Velocity Reviews - Computer Hardware Reviews

Velocity Reviews > Newsgroups > Programming > Python > unicode compare errors

Reply
Thread Tools

unicode compare errors

 
 
Ross
Guest
Posts: n/a
 
      12-10-2010
I've a character encoding issue that has stumped me (not that hard to
do). I am parsing a small text file with some possibility of various
currencies being involved, and want to handle them without messing up.

Initially I was simply doing:

currs = [u'$', u'£', u'€', u'¥']
aFile = open(thisFile, 'r')
for mline in aFile: # mline might be "£5.50"
if item[0] in currs:
item = item[1:]

But the problem was:
SyntaxError: Non-ASCII character '\xa3' in file

The remedy was of course to declare the file encoding for my Python
module, at the start of the file I used:

# -*- coding: UTF-8 -*-

That allowed me to progress.

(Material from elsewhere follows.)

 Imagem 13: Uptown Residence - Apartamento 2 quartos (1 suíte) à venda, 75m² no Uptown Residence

But now when I come to line item that is
a non $ currency, I get this error:

views.py:3364: UnicodeWarning: Unicode equal comparison failed to
convert both arguments to Unicode - interpreting them as being
unequal.

…which I think means Python's unable to convert the char's in the file
I'm reading from into unicode to compare to the items in the list
currs.

I think this is saying that u'£' == '£' is false.
(I hope those chars show up okay in my post here)

Since I can't control the encoding of the input file that users
submit, how to I get past this? How do I make such comparisons be
True?

Thanks in advance for any suggestions
Ross.



 
Reply With Quote
 
 
 
 
Ross
Guest
Posts: n/a
 
      12-10-2010
On Dec 10, 2:51*pm, Ross <ros...@gmail.com> wrote:

> Initially I was simply doing:
>
> * currs = [u'$', u'£', u'€', u'¥']
> * aFile = open(thisFile, 'r')
> * for mline in aFile: * * * * * * *# mline might be "£5..50"
> * * *if item[0] in currs:
> * * * * * item = item[1:]
>


Don't you love it when someone solves their own problem? Posting a
reply here so that other poor chumps like me can get around this...

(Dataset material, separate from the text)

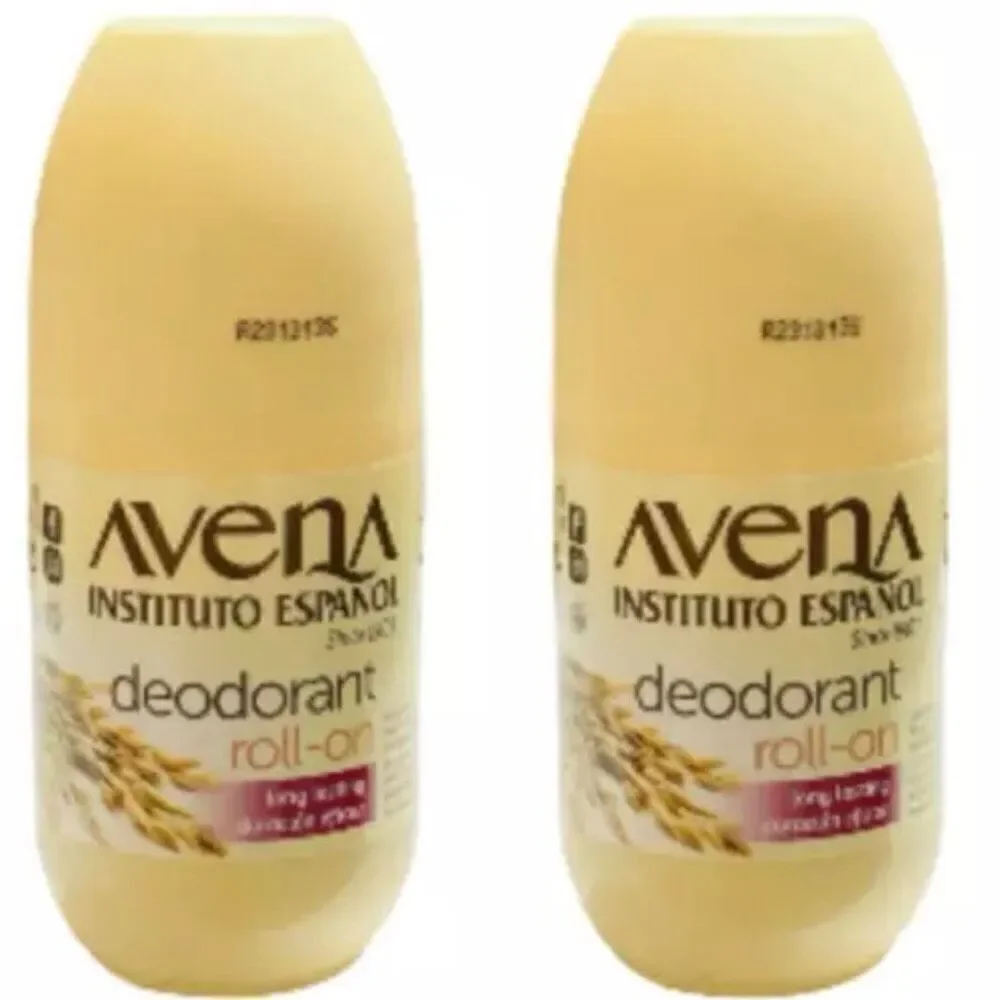 Avena new tags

I found I could import codecs that allow me to read the file with my
desired encoding. Huzzah!

Instead of opening the file with a standard
aFile = open(thisFile, 'r')

I instead ensure I've imported the codecs:

import codecs

.... and then I used a specific encoding on the file read:

aFile = codecs.open(thisFile, encoding='utf-8')

Then all my compares seem to work fine.
If I'm off-base and kludgey here and should be doing something
differently please give me a poke.

Regards,
Ross.
 
Reply With Quote
 
 
 
 
Nobody
Guest
Posts: n/a
 
      12-10-2010
On Fri, 10 Dec 2010 11:51:44 -0800, Ross wrote:

> Since I can't control the encoding of the input file that users
> submit, how to I get past this? How do I make such comparisons be
> True?


On Fri, 10 Dec 2010 12:07:19 -0800, Ross wrote:

> I found I could import codecs that allow me to read the file with my
> desired encoding. Huzzah!


> If I'm off-base and kludgey here and should be doing something


Er, do you know the file's encoding or don't you? Using:

aFile = codecs.open(thisFile, encoding='utf-8')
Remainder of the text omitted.